#### SOURCE RECORDS

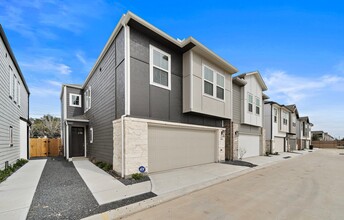 Building Photo - 9912 Storehouse Dr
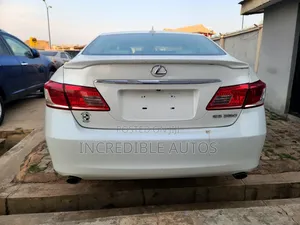 Lexus ES 350 2011 White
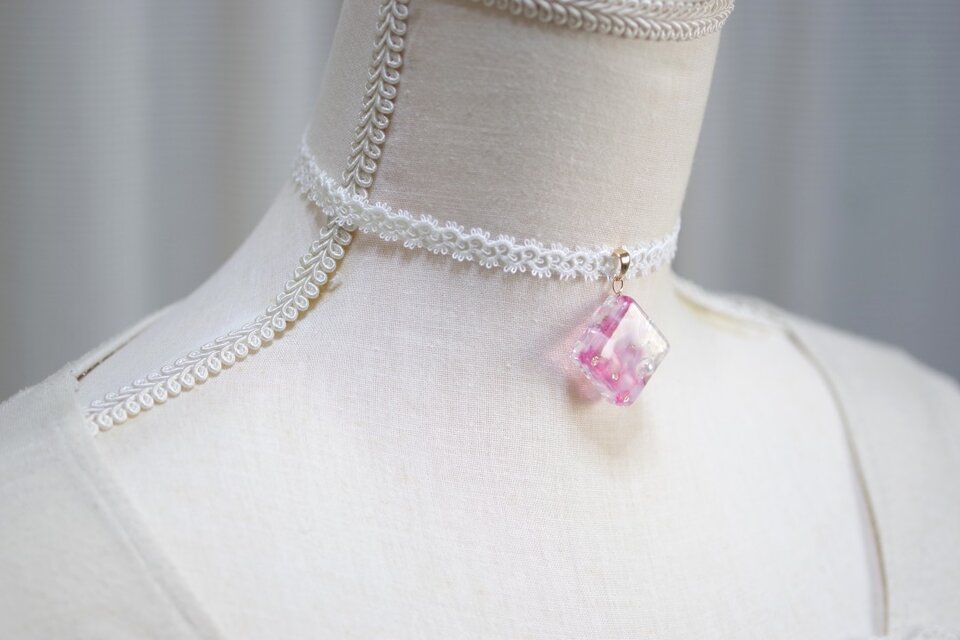 受注製作】レジンアート スクエアモチーフとタティングレースとサテン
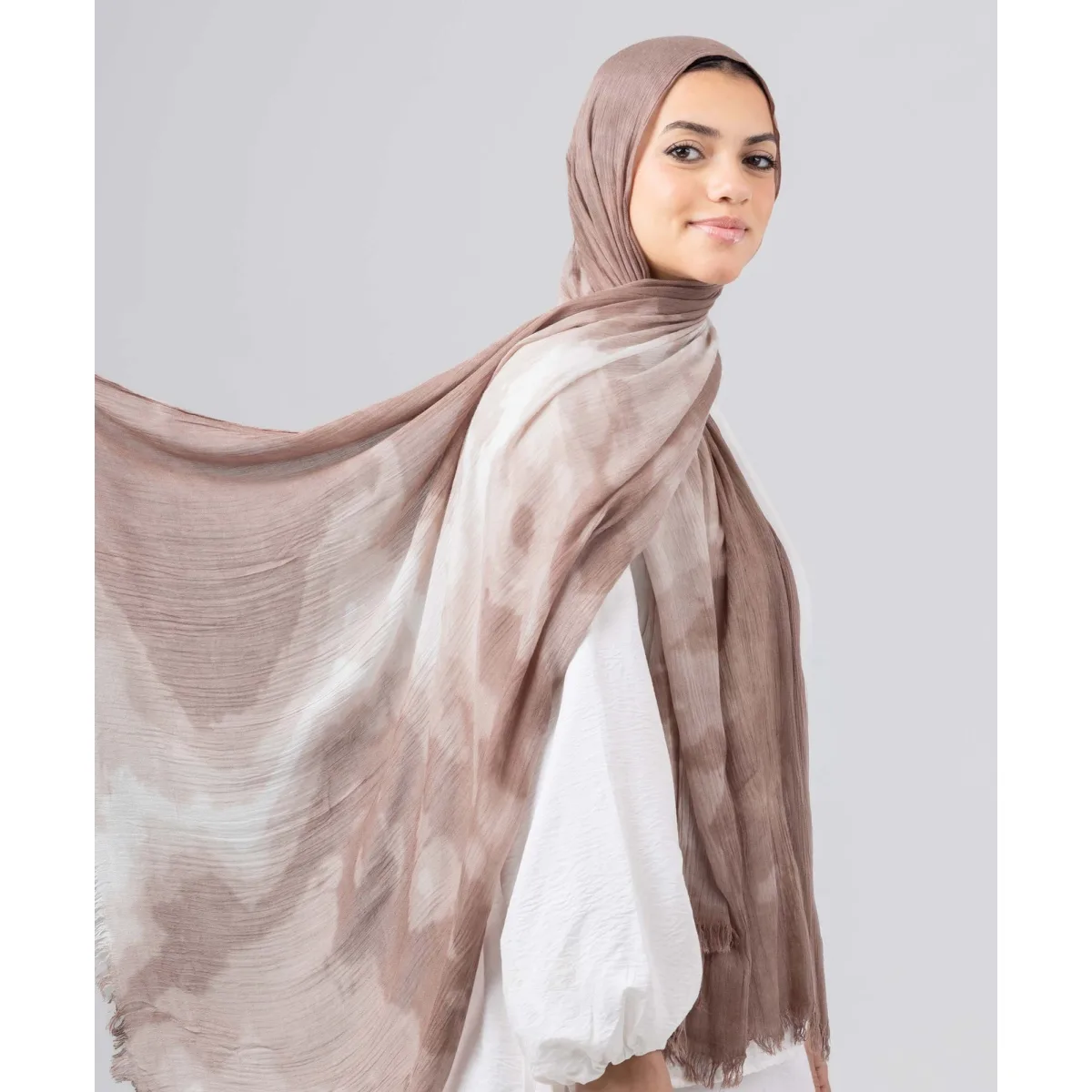 Le Voile Wave Dye Linen Scarf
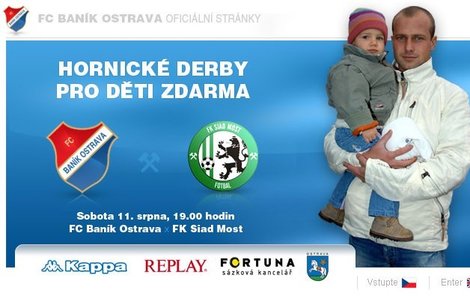 Ostravská hvězda Martin Lukeš a jeho dcerka Viktorie zvou děti na fotbal. Jak to asi dopadne!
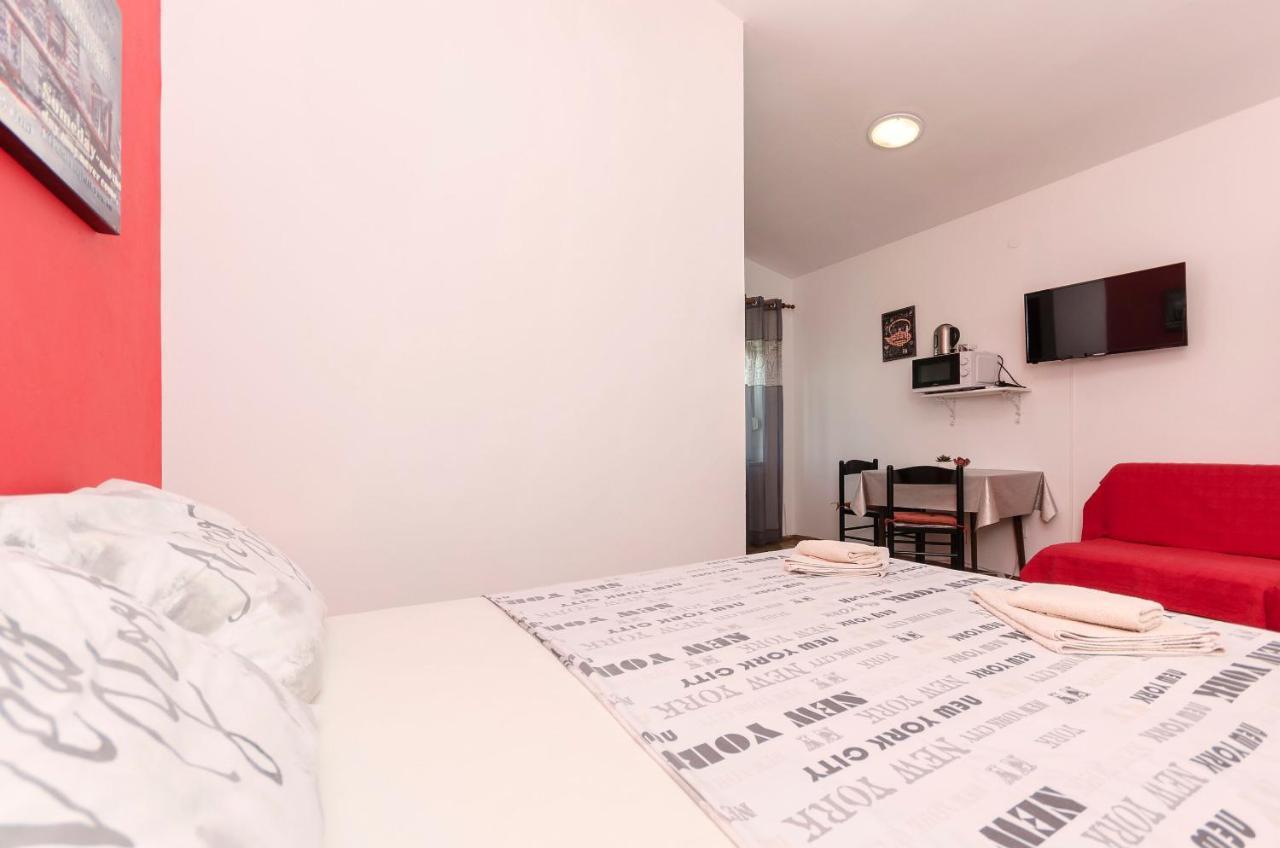 Apartments And Room Take It Easy Tribalj Extérieur photo
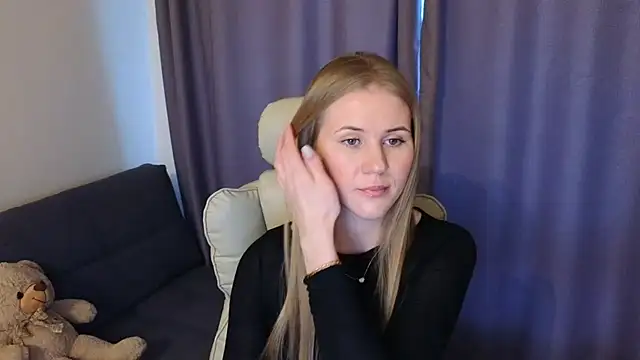 IsabelAllen online show from 12.03.24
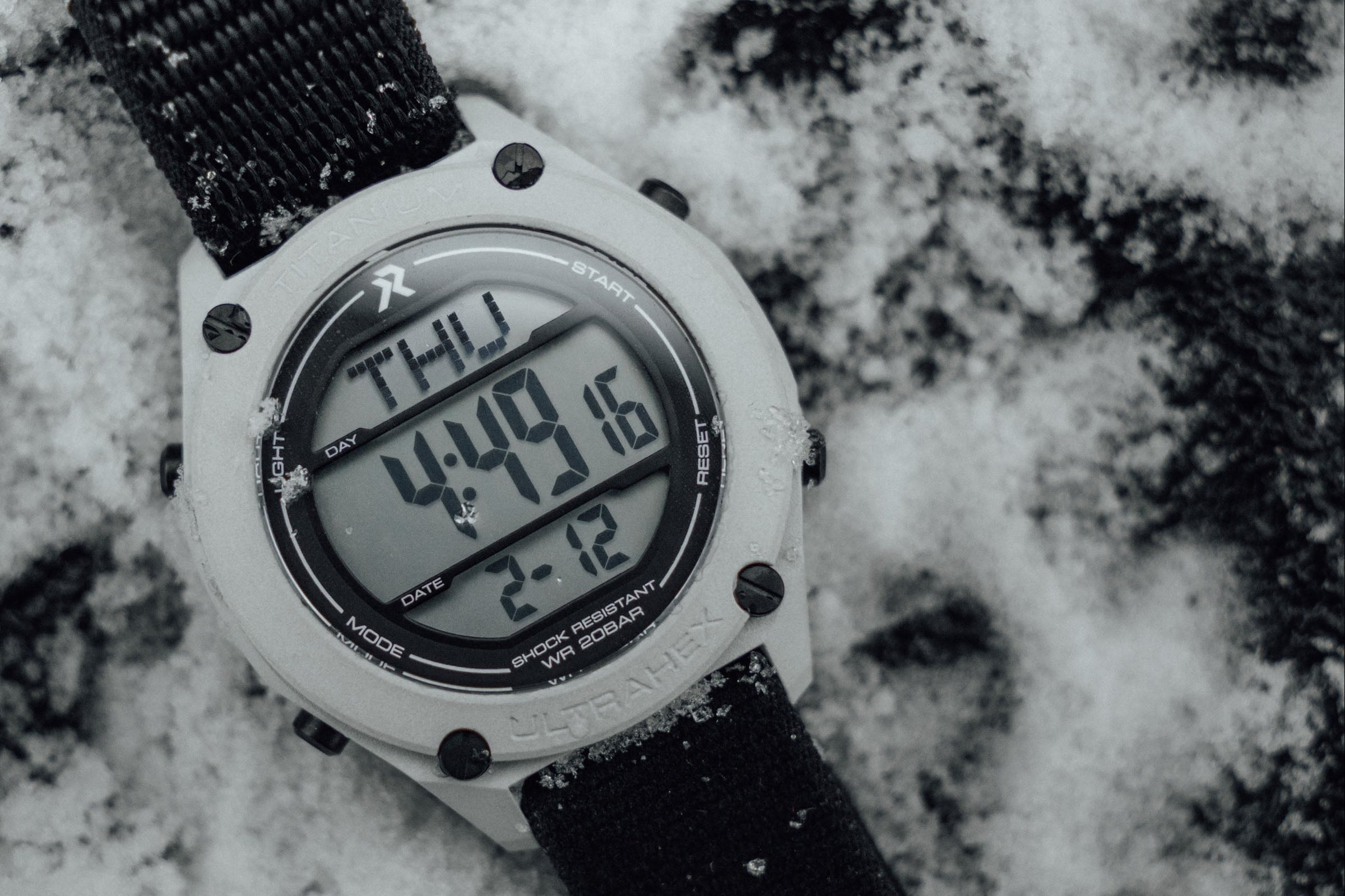 RZE UTD-8080 – Frissült a titántokos digitális toolwatch Az RZE UTD-8080-ST a Cerakote-sorozat fotóján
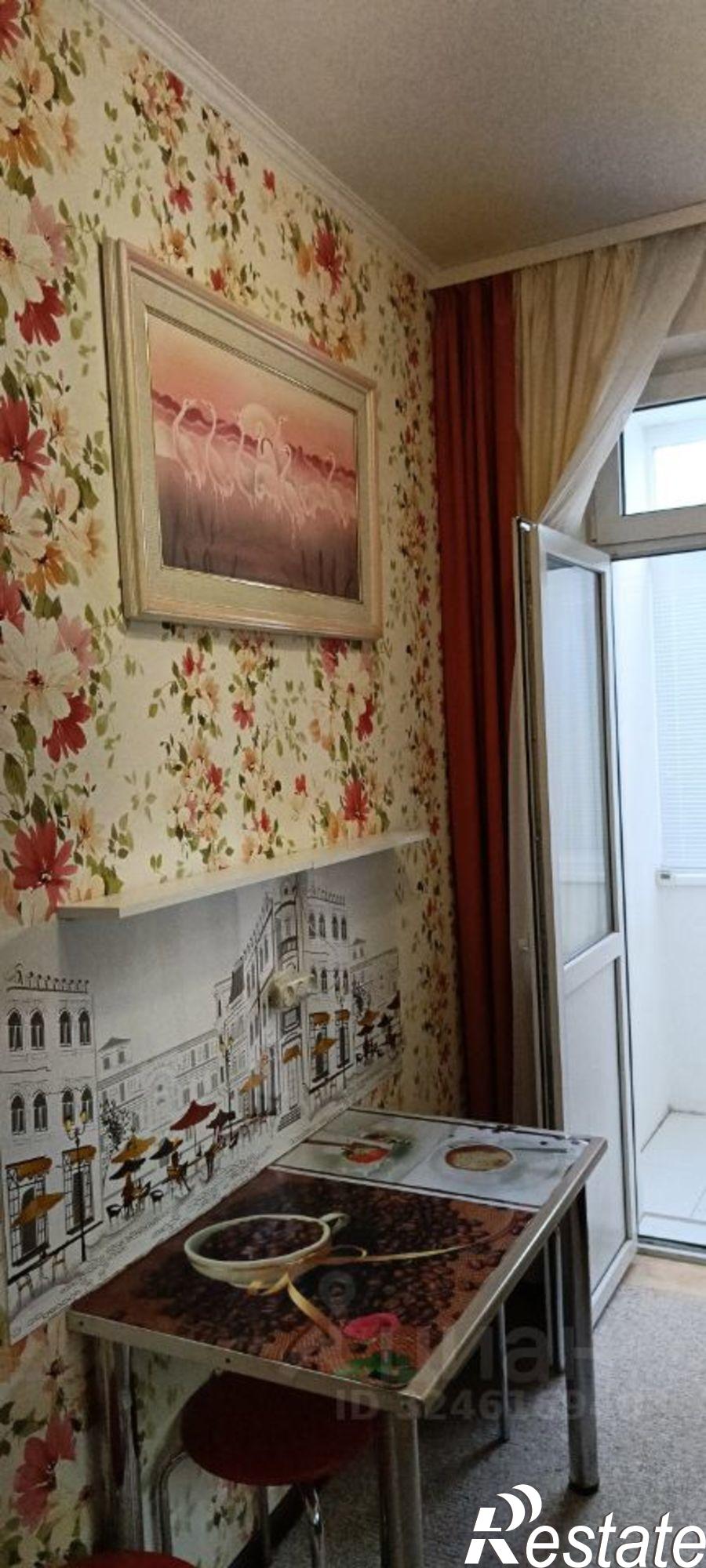 Сдать квартиру за 30 000 рублей на Античный проспект, 52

########

* WHAT YOU SHOULD DO *
The answer must be the lines above, word for word, from the first one through the line with "Ostravská hvězda Martin", pictures excluded.

* EXERCISE OUTPUT *
 Building Photo - 9912 Storehouse Dr
 Lexus ES 350 2011 White
 受注製作】レジンアート スクエアモチーフとタティングレースとサテン
 Le Voile Wave Dye Linen Scarf
 Ostravská hvězda Martin Lukeš a jeho dcerka Viktorie zvou děti na fotbal. Jak to asi dopadne!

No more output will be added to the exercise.